Ndubuisi Francis in Abuja

A new report from the Gas Exporting Countries Forum (GECF) has projected a significant growth for the natural gas sector, predicting that global demand for natural gas would rise 34 per cent by 2050.

The eighth edition of the GECF’s Global Gas Outlook 2050 report made optimistic global forecasts on the future of natural gas, projecting a rise in demand from 4.02 trillion cubic metres (tcm) in 2022 to 5.36tcm in 2050.

Total global production was also forecast to grow by 33 per cent to reach 5.3tcm by 2050.

Much of the projected growth were attributed to the rise in demand for blue hydrogen – hydrogen resulting from a production process fueled by natural gas coupled with carbon capture, utilisation and storage (CCUS) technology to limit emissions. Hydrogen is frequently touted as the solution for decarbonising hard-to-abate industrial sectors.

However, the report noted that the lion’s share of demand expansion comes from the power generation sector, which constitutes 37 per cent of the total predicted demand increase.

This was due to greater demand for electrification alongside global efforts to phase out coal-fired power plants.
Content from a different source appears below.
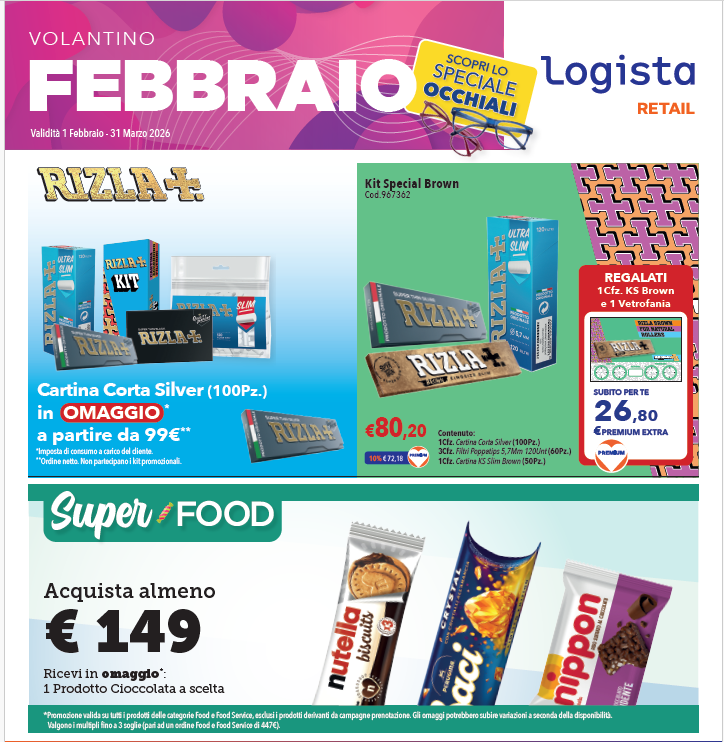 Volantino Offerte Febbraio 2026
It predicted that natural gas would become an important source of back-up power as renewables usage grows.

As regard to trade, liquefied natural gas (LNG) was predicted to overtake long-distance pipeline trade by 2026.
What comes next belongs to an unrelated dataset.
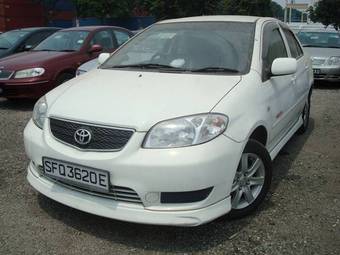 2004 Toyota Vios Pictures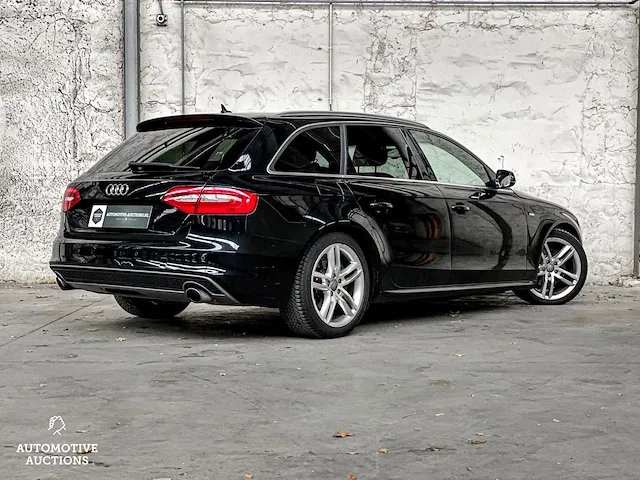 Audi a4 avant 1.8 tfsi s-line 170pk 2013 -orig. nl-, 8-kbb-08 - afbeelding 6 van  44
LNG trade was expected to more than double by 2050 to eventually constitute 64 per cent of traded gas.

The LNG share of European Union (EU) gas imports was set to skyrocket by 2030, rising from 24 per cent in 2022 to 46 per cent by 2030.

According to the report, production of natural gas was, “set for major regional shifts”, with Africa, Eurasia and the Middle East predicted to gain market share to account for 10 per cent, 22 per cent and 22 per cent of global natural gas production, respectively, by 2050.
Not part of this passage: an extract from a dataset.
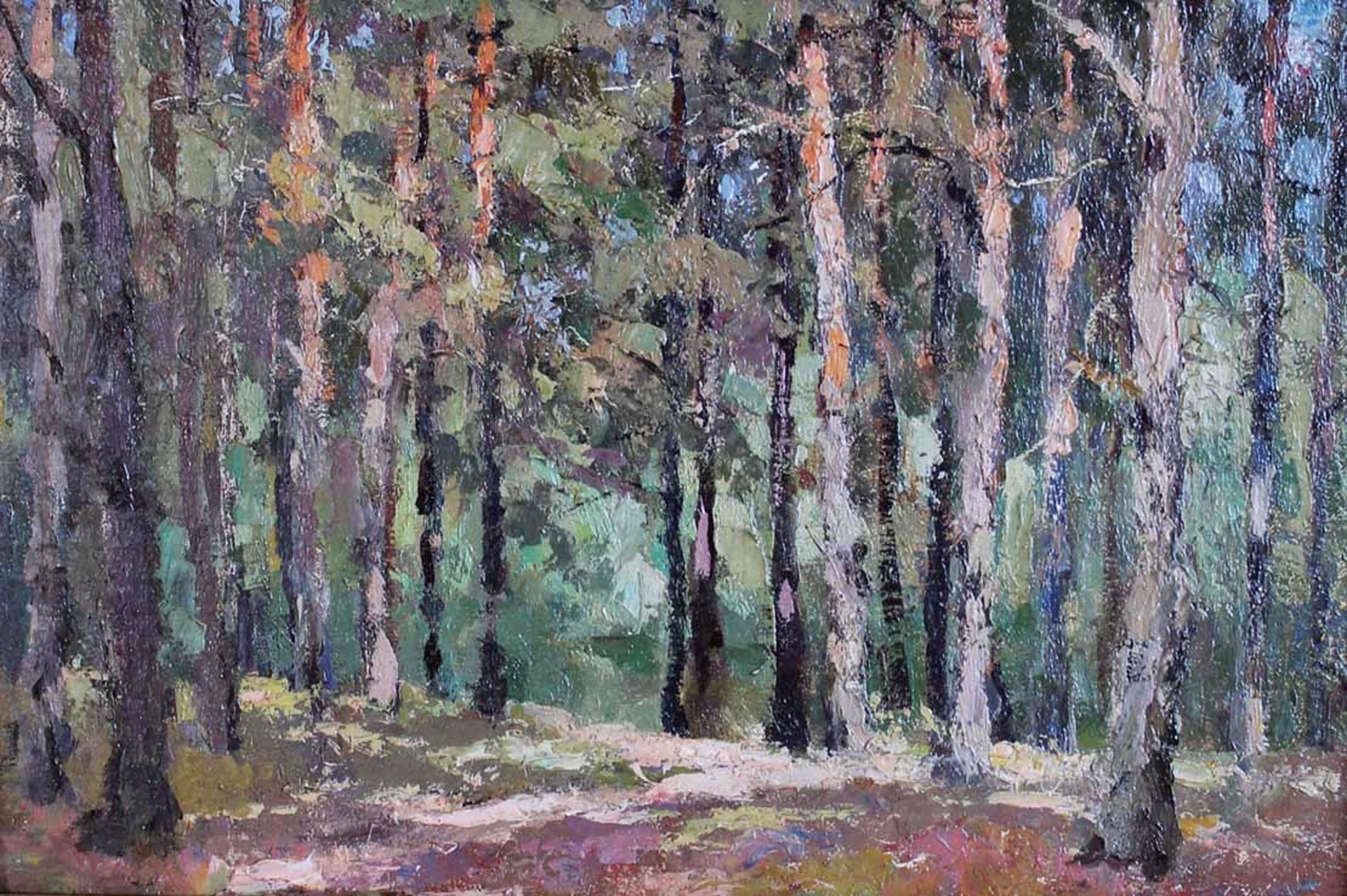Edge of Forest by Vladimir Korobov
As a result, North America’s market share of natural gas production is set to decline to 26 per cent.

In 2022, Africa exported approximately 42 million tonnes per annum (MTPA) of LNG – or around 5.7 per cent of global LNG exports.

Historically, Algeria and Nigeria have been the largest African exporters of LNG, with several exporting terminals operating for decades.

With six trains, the Nigeria terminal has an LNG production capacity of 22mtpa, which is expected to increase to 30mtpa by 2030.

In the foreword the GECF’s Global Gas Outlook 2050 report, which was formally launched at the GECF headquarters in Doha, Qatar, Mohamed Hamel, secretary-general of the GECF, said: “For socio-economic development, environmental protection, and to ensure that no one is left behind, the world requires consuming more natural gas, not less.

“The year 2023 marked a significant turning point, serving as a stark reminder that energy transitions are precisely that – gradual changes, not instantaneous transformations.

“Natural gas, along with renewables and cleaner hydrocarbon technologies, provides a realistic pathway to limit global temperature increases to below two degrees Celsius, concurrently supporting poverty eradication and socio-economic development, which are the overriding priorities of developing country Parties under the UNFCCC.”